Dataset content:

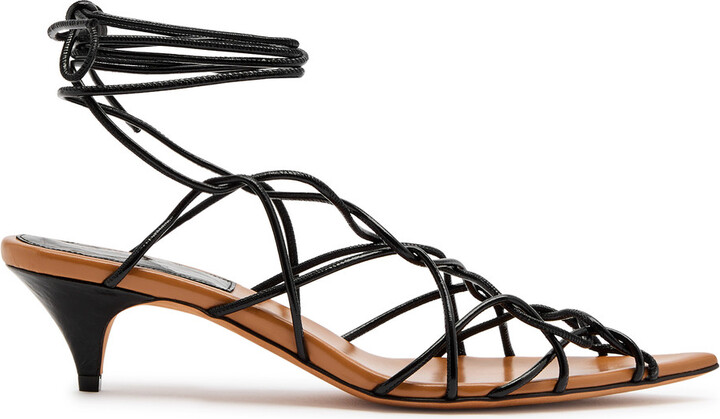 KHAITE Arden 45 Patent Leather Lace-up Sandals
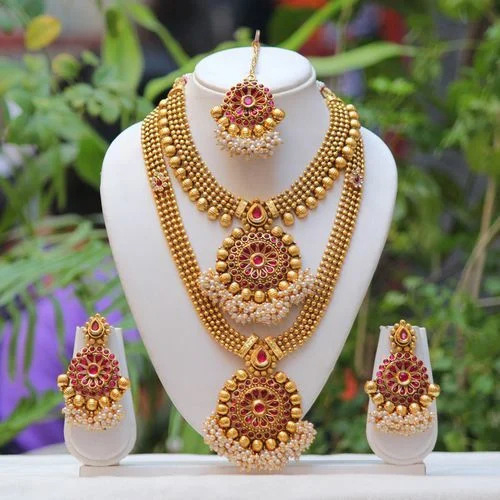 Golden Designer Artificial Necklace Set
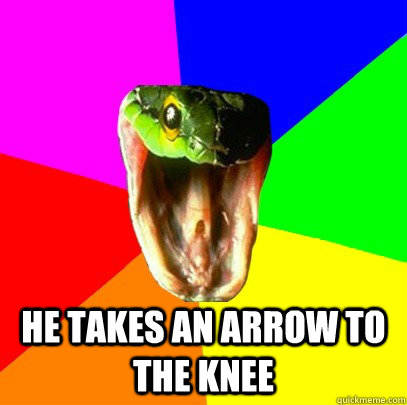 he takes an arrow to the knee  Spoiler Snake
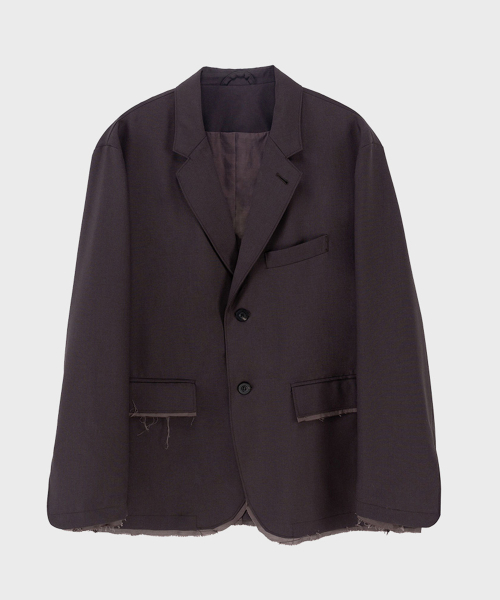 Коричневый необработанный EDGE шерсть BLAZER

Task details: When you retype the listing above, keep each line exactly as written and drop the pictures.

The completed task:
 KHAITE Arden 45 Patent Leather Lace-up Sandals
 Golden Designer Artificial Necklace Set
 he takes an arrow to the knee  Spoiler Snake
 Коричневый необработанный EDGE шерсть BLAZER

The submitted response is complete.